Inevitably as the Pedestal convoy got closer to Italy, and the air bases on Sicily and Sardinia, the air attacks on it intensified. Enemy aircraft now had much longer time to spend over their targets and time to co-ordinate their attacks. The U-boat threat had not diminished and for a period the destroyers were firing depth charges merely asa deterrent.
L. Myers was on board the battleship HMS Rodney. He recalls that they were in almost continuous action for three days starting with the sinking of HMS Eagle. It was the following day that things started to get really busy for them:
The action, when it started, was a fairly gentlemanly affair with a few high level bombing and submarine attacks. But on the second day things got really hectic with combined high level bombing, torpedo bombing, dive bombing and submarine attacks. The action diary for this day as recorded by Kenneth Thompson, the ship’s Chaplain in his book ‘HMS Rodney at war’ lists some 80 plus entries between 0745 and 2015.
A short extract
1236 Mine, bomb or torpedo explodes astern
1239 Manchester opens fire
1241 Destroyers open fire port side
1242 Nine torpedo bombers coming in outside screen
1243 16″ open fire to port
1245 Torpedoes dropped port bow
1248 Six torpedo bombers on port beam
1248 Torpedo bomber shot down by fighter red 10
(Note use of 16″ in ack ack role)
Whenever possible I made my way to the upper deck to observe the operation of our two remaining carriers, ‘Indomitable’ and ‘Victorious’. With the convoy under constant air attack from dawn to dusk there was continual flight deck activity. It must be remembered that fresh aircrew manned each succeeding wave of enemy aircraft whereas our small band of pilots were continuously in action. I watched the aircraft land on and taxi to the forward lift where it was lowered into the hangar, I could imagine the action as it was moved back through the hangar being refuelled, rearmed and repaired while the pilot was debriefed, having a cup of coffee and a pee (not necessarily in that order) and by the time the aircraft reached the after lift he was ready to go again.
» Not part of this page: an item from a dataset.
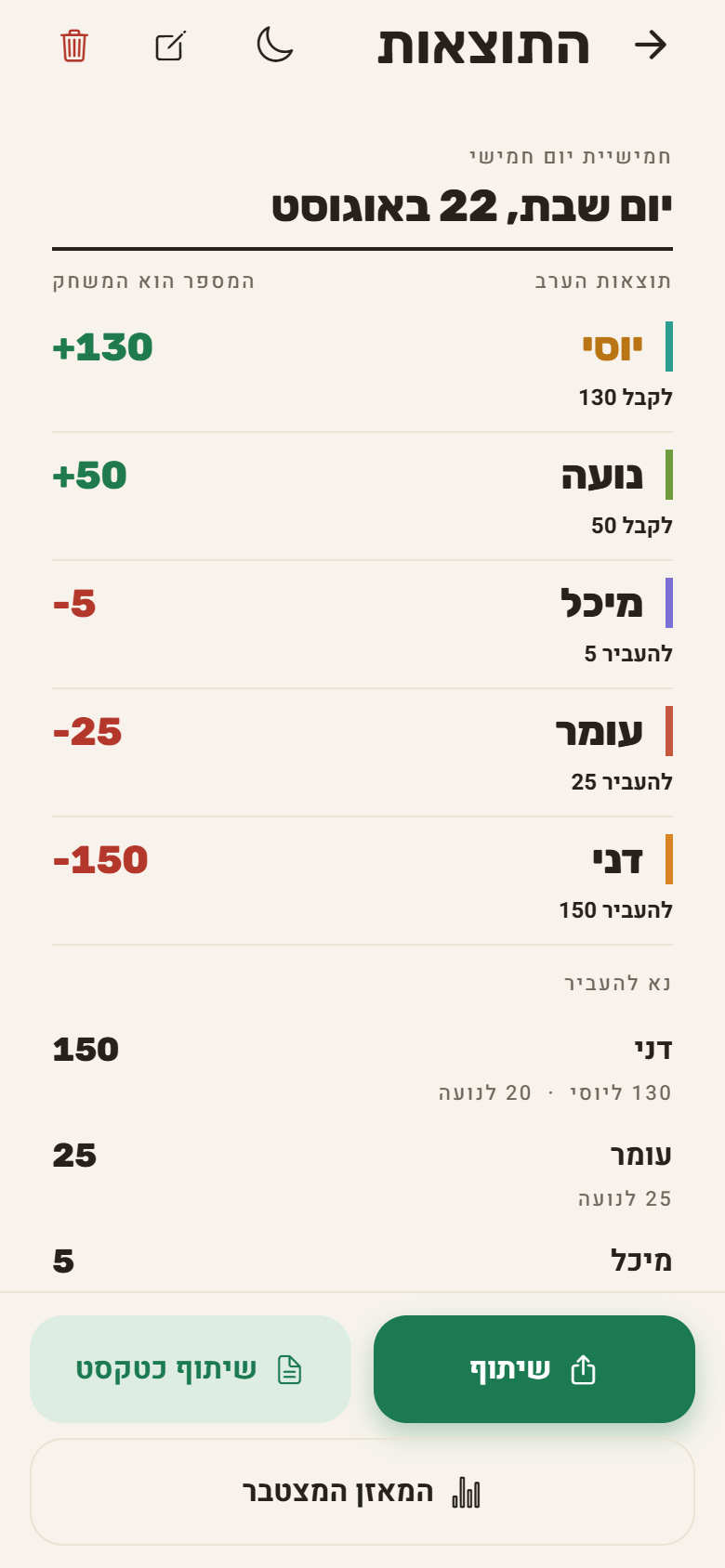שישה חובות. שתי העברות. אפס ויכוחים.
It was possibly the most concentrated period of action in the annals of the Fleet Air Arm. Very comparable to the Battle of Britain but with the added hazards of a moving airfield, having to fly through ‘friendly’ flak to reach it and flying aircraft inferior in performance to those of the enemy.
Regretfully I have no statistics to cover this period but the performance of those young Naval aviators is deserving of the highest praise.
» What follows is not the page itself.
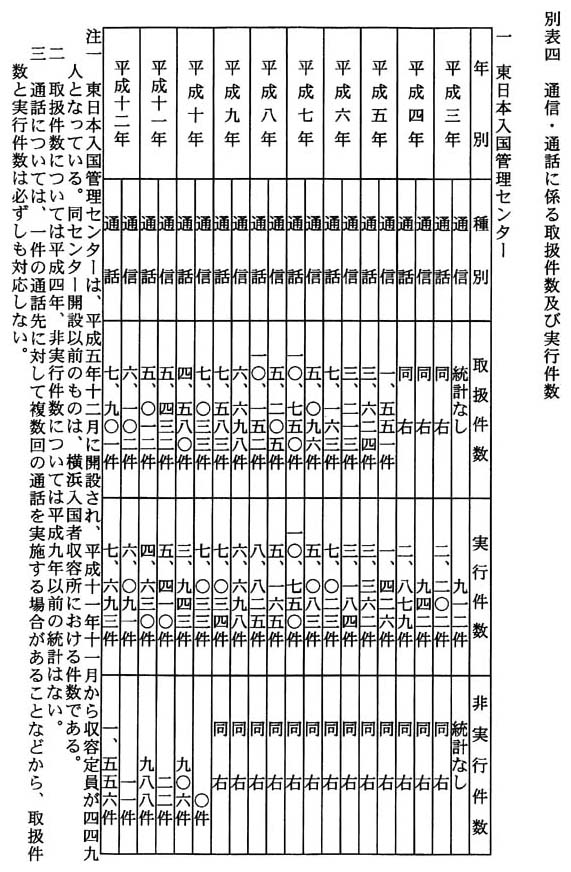 別表四 通信・通話に係る取扱件数及び実行件数 一 東日本入国管理センター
I had many friends in both ships and was well aware of the intense activity that was taking place both on the deck and in the crowded hangar below.
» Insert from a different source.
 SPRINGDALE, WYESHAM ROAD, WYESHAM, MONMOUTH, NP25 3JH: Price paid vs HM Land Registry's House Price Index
Must admit to some embarrassment at the comparatively easy passage I was having but at the same time must admit to being very grateful for the security provided by the Rodney’s 14″ of armour plating.
Read more of Myers’ story on BBC People’s War
Elsewhere HMS Ithuriel had spotted a U-boat, the Italian Cobalto’s periscope had left a trail in the water, just visible to a lookout on the destroyer. Even though the periscope was withdrawn an attack was made where it was last spotted :
‘Stand by depth-charges. Depth-charges, fire’ The able seaman standing by the firing levers pulls them, and after a few seconds the ship shudders as they explode violently astern of us. ‘Quite a good attack I think, Sir,’ says the RNVR Sub Lieutenant, and everybody looks astern, hoping for some signs of wreckage to appear.
I decide to carry out a second depth-charge attack and the ship is just turning when a roar goes up, ‘There she is.’ It was a successful attack, and the U-boat has come to the surface, but the job is not yet finished. Perhaps she will crash-dive and try to escape. We can take no chances. So, ‘Full ahead both engines; prepare to ram.’ The guns need no orders. They have already opened fire and the U-boat is getting seven bells knocked out of her.
Some of the Italians start shouting and jumping overboard. I give the order ‘Full speed astern’ to take some speed off the ship and avoid damaging ourselves unnecessarily. After all, you don’t need to use a hammer on a boiled egg, so to speak. We hit her abaft the conning tower and heel her right over. It is a delightful crunch.